Commission des questions juridiques et des droits de l’homme

Rapporteur: M. Michael Asciak, Malte, Groupe du parti populaire européen

I.        Conclusions de la commission

1.        La commission des questions juridiques et des droits de l’homme approuve le projet de recommandation proposé dans le document 8901 par l’ancienne commission de la science et de la technologie. La commission est aussi entièrement d’accord avec les points ci-dessous:

a)       tous les pays d’Europe devraient se doter d’une autorité nationale chargée de rester vigilante, de donner des informations et des conseils quant à la conformité des recherches sur le génome humain avec les principes éthiques et moraux universellement reconnus que sont le respect de la vie et de la dignité humaine;

b)        un organe ou une autorité européen(ne) permanent devrait être institué(e) au sein du Conseil de l’Europe pour jouer le même rôle que celui énoncé au point (a) ci-dessus, en veillant tout spécialement aux aspects éthiques. La consultation de cette autorité européenne serait obligatoire, et cette dernière serait mandatée pour réglementer et inspecter tous les établissements de recherche européen, publics et privés. Cette institution collaborerait avec les organes nationaux pour assurer la mission importante que constituent l’éducation du public et la communication des informations correctes et complètes aux médias et à certaines professions comme celles de la santé, ainsi qu’aux décideurs politiques;

c)       alors que la Convention sur les droits de l’homme et la biomédecine du Conseil de l’Europe est achevée depuis 1996, de nombreux pays membres de l’Organisation et d’autres Etats qui pourraient la signer ne l’ont pas encore fait. Il est vital que les Etats membres du Conseil de l’Europe adhèrent à cette convention, et les membres de l’APCE peuvent jouer un rôle important en insistant auprès de leurs gouvernements respectifs pour que ces derniers la signent et la ratifient.

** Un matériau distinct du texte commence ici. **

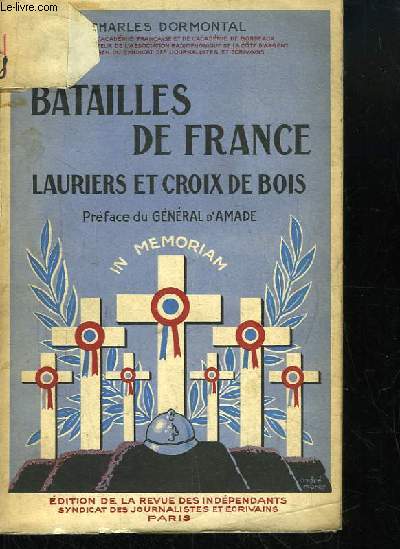 Batailles de France. Lauriers et Croix de Bois.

2.        La commission des questions juridiques et des droits de l’homme souhaite présenter l’amendement suivant au projet de recommandation présenté par la commission de la science et de la technologie:

Amendement

Dans le projet de recommandation, ajouter un nouvel alinéa 10.vi libellé comme suit:

“de demander à l’ensemble des Etats membres du Conseil de l’Europe qu’ils s’efforcent de modifier la loi sur les brevets pour arriver au sein des forums internationaux tels que l’OMC à une loi relative au patrimoine commun de l’humanité pour ce qui concerne la propriété des tissus et des gènes humains.”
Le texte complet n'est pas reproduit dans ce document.